■ WORK REQUEST ■
Below are the entries. Print only the lines starting at the one with "Now we can just" and ending at the one with "Hello dear students, I", exactly, with no pictures.

(Data extracted from a collection)
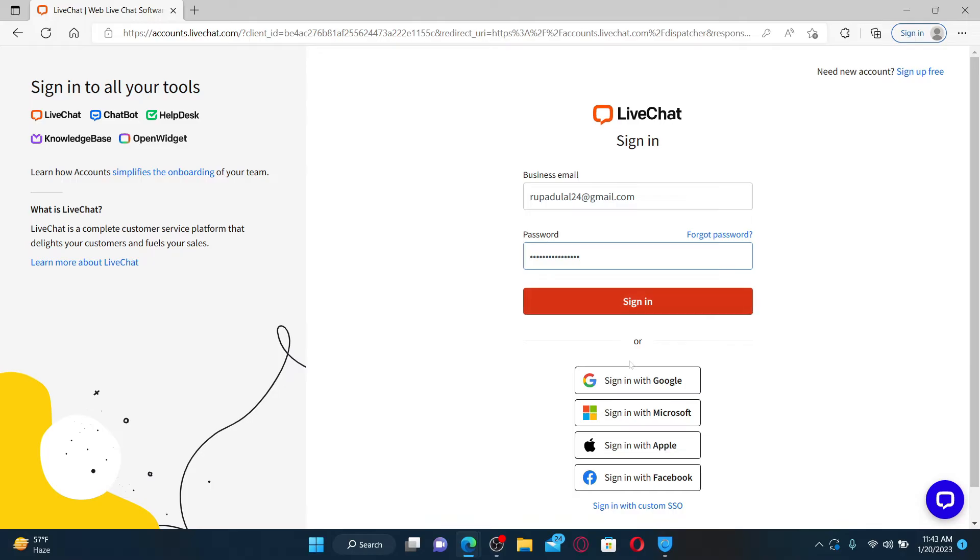Or you can also quickly sign into your account with your Google account, Microsoft account, Apple account, or with your Facebook account.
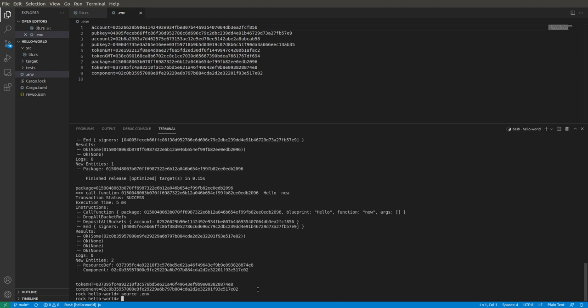Now we can just proceed on with our testing. In this case we want to grab a token, so let's just call the resim program as per normal. So we'll do call method, we just do component, and we're going to call free token.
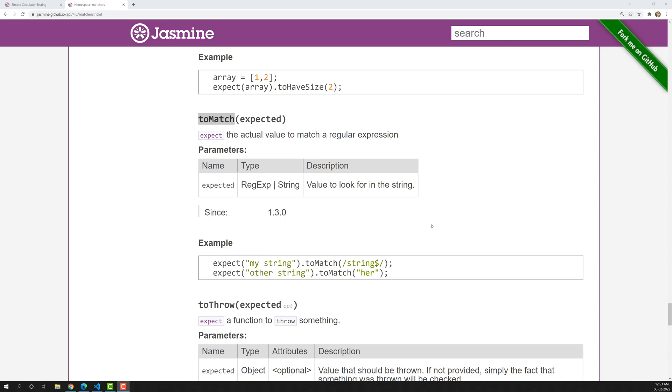In this video, we will learn about another matcher — the `toMatch` matcher. So what is `toMatch`, and when do we need to use it?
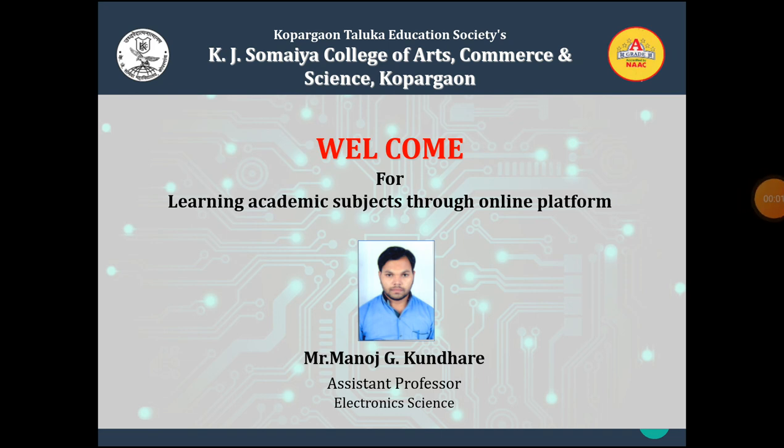Hello dear students, I am Manoj Kundare working as an assistant professor in electronic science. I welcome you all on this online e-learning platform.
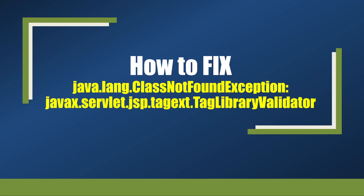How to fix a tag library validator error with Spring Boot applications. So here is one sample code I have that I want to show you. I want to show you this error and then how to solve it.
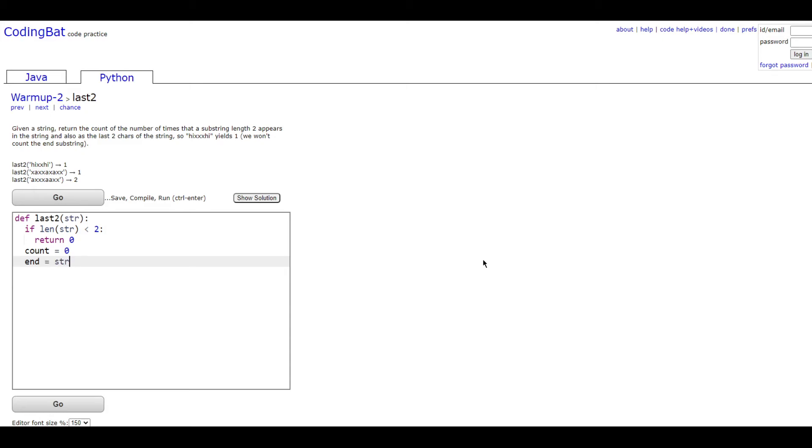So we're going to do end = str[len(str) - 2:] which is going to get the last two values of the string. So it's going to go from last value minus two all the way to the end.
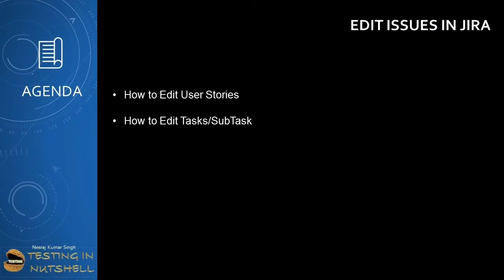As a part of this tutorial we will be understanding more about how to edit user stories, how to edit tasks or subtasks. Basically it stands for how to edit issues in Jira project.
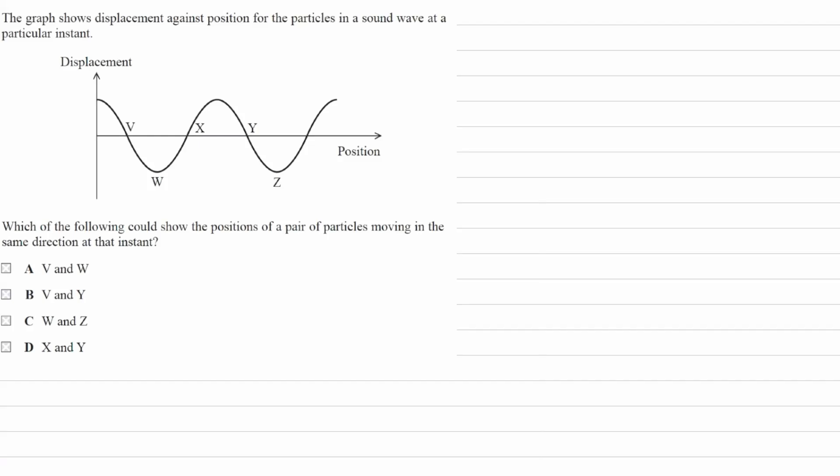The graph shows displacement against position for the particles in a sound wave at a particular instant. Which of the following could show the positions of a pair of particles moving in the same direction at that instant?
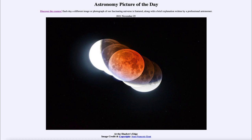So our shadow of our planet is not completely dark as it would be if it were a completely solid surface, like our Moon. In that case it would be completely dark and the moon would disappear. However, Earth has an atmosphere around it.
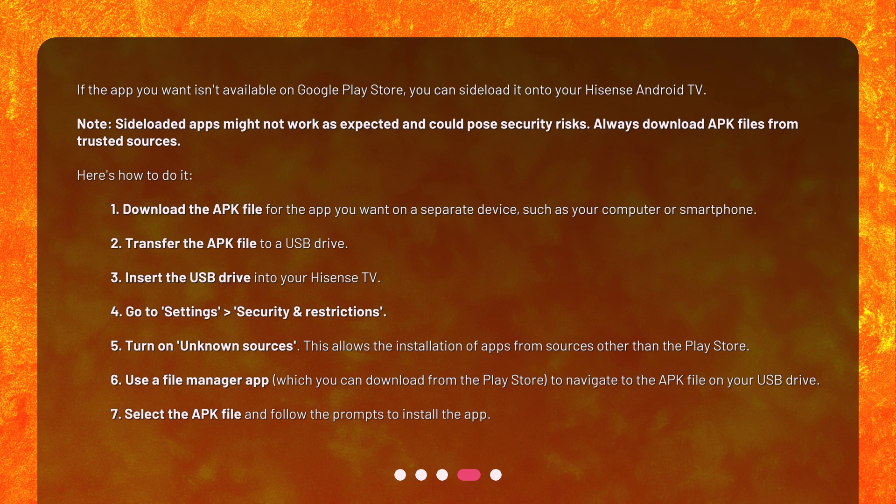6. Use a File Manager app, which you can download from the Play Store, to navigate to the APK file on your USB drive. 7. Select the APK file and follow the prompts to install the app.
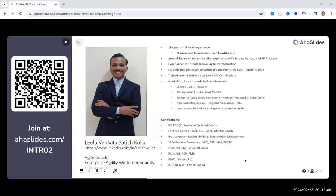The introduction slide can double as a one-page resume since it contains all required information. With minor additions, it covers everything needed. When presenting as a panelist, speaker, reviewer, or contributor to agile communities, this single-slide format is what's being shared — not even a two-page resume.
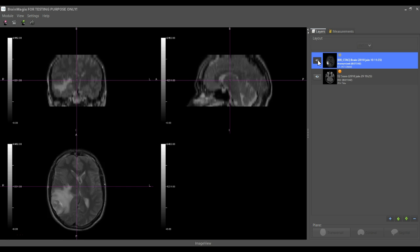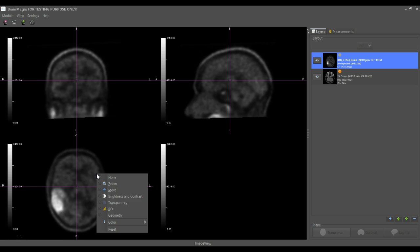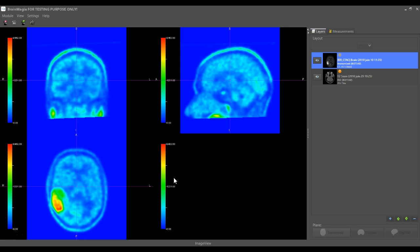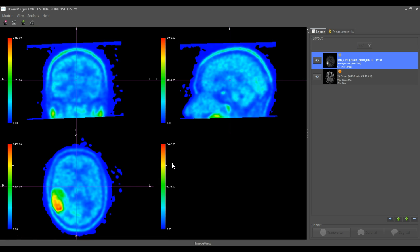You see that now it looks much better. We will color-code the PET scan: right-click, Color, Rainbow. We can also set a transparent background to avoid this blue color.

■ TASK RESPONSE ■
Now we can just proceed on with our testing. In this case we want to grab a token, so let's just call the resim program as per normal. So we'll do call method, we just do component, and we're going to call free token.
In this video, we will learn about another matcher — the `toMatch` matcher. So what is `toMatch`, and when do we need to use it?
Hello dear students, I am Manoj Kundare working as an assistant professor in electronic science. I welcome you all on this online e-learning platform.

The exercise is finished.